At one point we were debugging solely based on time-sensitive Amazon EC2 instance console screenshots to get the bootloader configuration right, which often didn’t give you more than than this:
The most difficult parts of this process were the subtle differences in base images at cloud providers and hypervisor environments. There were issues with the absence or presence of things like ‘cloud-init’, custom bootloaders, slightly different kernels and generic configuration drifts like resolvconf using symlinks on older systems but not on newer ones.
After sacrificing many test servers we got it right, and the resulting script for installing Xenial in memory, pivoting to this new Linux and installing Xenial on disk before switching back, looked something like this.
We had what we needed but there was one challenge left. We had to make this reliable to perform over two thousand times without any hiccups.
For Hypernode we have a very elaborate job processing system built on top of Openstack Taskflow. This system enables us to create flows which describe processes and their states, including reverts and retries for every step. All workers in this system are completely redundant. If one of the conductors executing a job would explode, the next one would just pick up the process exactly where it left of.
To make the in-memory-reinstall a success every time, we broke up all steps of the script above in small pieces and came up with various sanity checks for each part of the process. For example, after unmounting all special filesystems, are we sure no process is still holding any related file descriptors open that might throw a spanner in the works?
If any of the checks failed, our automation would revert any changes to the state of the system and retry if it could do so safely. If the amount of safe retries ran out, an engineer would receive a Pagerduty alert to notify of an aborted upgrade.
The Python code that makes up this logic composes a directed graph which we drew as a dendrogram to give a high level overview of all steps.

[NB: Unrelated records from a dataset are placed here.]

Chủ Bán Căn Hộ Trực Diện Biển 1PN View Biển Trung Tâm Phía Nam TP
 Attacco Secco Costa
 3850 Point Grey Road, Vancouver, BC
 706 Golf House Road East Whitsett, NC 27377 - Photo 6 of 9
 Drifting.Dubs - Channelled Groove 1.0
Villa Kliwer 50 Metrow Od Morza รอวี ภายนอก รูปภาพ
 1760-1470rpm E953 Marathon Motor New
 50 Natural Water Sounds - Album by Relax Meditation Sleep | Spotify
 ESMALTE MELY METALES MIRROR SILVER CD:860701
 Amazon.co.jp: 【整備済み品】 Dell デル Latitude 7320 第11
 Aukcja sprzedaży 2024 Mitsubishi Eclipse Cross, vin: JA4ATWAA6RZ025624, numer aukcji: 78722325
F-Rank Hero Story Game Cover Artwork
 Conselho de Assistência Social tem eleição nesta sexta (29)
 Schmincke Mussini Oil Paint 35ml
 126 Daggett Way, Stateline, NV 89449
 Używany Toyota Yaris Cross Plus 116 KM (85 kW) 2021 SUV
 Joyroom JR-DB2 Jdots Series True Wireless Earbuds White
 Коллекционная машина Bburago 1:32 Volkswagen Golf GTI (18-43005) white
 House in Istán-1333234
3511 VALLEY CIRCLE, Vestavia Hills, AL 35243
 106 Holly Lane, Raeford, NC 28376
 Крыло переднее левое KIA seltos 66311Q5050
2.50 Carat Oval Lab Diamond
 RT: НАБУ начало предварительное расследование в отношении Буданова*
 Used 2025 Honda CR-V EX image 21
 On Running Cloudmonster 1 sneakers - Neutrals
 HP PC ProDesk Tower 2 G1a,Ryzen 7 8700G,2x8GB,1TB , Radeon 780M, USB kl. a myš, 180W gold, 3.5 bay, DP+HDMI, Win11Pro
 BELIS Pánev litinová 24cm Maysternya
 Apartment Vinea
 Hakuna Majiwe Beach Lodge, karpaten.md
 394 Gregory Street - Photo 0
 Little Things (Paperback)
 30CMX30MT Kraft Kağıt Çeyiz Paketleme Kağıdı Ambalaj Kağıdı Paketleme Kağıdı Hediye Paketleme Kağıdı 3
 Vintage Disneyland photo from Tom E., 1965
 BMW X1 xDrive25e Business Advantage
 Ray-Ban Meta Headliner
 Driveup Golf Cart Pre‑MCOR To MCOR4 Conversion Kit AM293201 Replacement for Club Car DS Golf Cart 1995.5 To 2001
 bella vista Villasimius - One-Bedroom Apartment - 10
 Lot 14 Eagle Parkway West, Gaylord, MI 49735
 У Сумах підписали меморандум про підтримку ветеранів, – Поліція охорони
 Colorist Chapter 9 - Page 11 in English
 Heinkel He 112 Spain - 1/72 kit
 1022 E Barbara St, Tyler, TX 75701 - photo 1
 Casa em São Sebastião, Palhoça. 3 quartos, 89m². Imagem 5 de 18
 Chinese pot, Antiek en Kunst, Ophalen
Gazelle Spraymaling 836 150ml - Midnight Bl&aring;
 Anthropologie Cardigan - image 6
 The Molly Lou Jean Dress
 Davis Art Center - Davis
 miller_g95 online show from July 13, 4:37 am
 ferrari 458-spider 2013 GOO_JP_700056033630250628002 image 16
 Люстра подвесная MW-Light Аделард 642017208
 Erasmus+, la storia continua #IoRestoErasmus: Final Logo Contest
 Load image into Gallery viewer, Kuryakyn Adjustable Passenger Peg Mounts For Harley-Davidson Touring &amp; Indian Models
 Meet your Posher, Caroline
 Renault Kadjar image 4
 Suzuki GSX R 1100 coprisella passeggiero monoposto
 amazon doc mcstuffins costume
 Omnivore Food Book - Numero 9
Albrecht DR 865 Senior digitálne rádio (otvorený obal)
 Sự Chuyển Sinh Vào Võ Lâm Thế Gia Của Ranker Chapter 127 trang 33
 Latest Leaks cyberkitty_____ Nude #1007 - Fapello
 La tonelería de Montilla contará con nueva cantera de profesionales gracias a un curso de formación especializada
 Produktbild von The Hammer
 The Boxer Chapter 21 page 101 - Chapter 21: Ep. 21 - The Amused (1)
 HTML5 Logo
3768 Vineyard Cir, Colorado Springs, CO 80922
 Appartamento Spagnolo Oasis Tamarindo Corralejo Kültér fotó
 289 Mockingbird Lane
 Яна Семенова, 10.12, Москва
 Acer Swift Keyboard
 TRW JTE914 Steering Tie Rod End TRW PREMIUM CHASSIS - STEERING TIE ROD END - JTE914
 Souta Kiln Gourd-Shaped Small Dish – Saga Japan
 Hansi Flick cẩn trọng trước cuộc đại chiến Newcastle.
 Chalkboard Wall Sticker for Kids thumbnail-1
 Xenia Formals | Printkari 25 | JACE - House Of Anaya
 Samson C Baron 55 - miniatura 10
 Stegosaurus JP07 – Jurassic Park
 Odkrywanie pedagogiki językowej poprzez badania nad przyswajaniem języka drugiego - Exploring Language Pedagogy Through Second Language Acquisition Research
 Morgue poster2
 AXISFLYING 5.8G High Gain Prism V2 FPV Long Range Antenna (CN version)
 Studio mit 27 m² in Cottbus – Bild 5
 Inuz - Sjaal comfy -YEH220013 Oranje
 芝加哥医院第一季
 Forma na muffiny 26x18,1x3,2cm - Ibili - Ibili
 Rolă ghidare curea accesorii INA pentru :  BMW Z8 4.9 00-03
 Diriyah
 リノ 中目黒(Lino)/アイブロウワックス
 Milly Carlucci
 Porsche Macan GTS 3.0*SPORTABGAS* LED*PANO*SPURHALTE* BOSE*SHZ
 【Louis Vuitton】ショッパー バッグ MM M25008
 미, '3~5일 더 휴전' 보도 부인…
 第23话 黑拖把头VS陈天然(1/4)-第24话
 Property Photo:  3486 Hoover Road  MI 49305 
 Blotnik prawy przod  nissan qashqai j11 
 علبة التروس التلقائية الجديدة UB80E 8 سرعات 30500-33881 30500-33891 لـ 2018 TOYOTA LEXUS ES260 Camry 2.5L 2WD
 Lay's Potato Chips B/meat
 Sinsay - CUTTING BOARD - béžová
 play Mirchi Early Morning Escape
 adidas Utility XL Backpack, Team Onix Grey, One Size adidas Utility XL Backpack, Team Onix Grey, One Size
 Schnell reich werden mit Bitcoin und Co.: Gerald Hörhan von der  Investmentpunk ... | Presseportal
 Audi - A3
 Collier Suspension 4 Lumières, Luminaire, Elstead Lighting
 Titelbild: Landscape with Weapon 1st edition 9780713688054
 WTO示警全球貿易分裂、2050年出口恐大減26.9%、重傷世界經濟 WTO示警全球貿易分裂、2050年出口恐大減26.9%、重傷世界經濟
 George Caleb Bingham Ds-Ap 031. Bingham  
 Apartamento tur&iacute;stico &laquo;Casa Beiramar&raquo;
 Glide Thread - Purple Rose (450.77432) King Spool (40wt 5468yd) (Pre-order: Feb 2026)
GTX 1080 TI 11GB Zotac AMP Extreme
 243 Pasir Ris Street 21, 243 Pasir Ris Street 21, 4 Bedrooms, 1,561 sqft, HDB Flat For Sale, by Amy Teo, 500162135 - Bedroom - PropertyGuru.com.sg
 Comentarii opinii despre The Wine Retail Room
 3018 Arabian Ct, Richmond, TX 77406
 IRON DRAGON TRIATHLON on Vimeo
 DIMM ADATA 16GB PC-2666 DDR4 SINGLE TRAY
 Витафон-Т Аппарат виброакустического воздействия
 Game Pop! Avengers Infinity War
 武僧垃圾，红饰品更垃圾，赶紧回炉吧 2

We upgraded around 100 to 200 servers per night and the work was fully automated. During the day an engineer would queue up the jobs for the night and if anything went wrong or looked suspicious, the automation would wake him up to take a look.
In the end only around eight servers in our entire fleet failed at the first attempt. The problems with those machines were then figured out the next day and implemented as special cases in the automation and the jobs would be re-queued for a later run, or restored from backup directly to 16.04 depending on the situation.
To conclude, the in-place upgrade was a great success. It was like replacing the wheels on a moving vehicle and it was only possible to do it safely because we have strict control over every facet of our platform. In the world of distributed systems it’s all about fencing off the influence of external dependencies and if you are sure about the capabilities and limitations of your domain you can get away with some crazy things.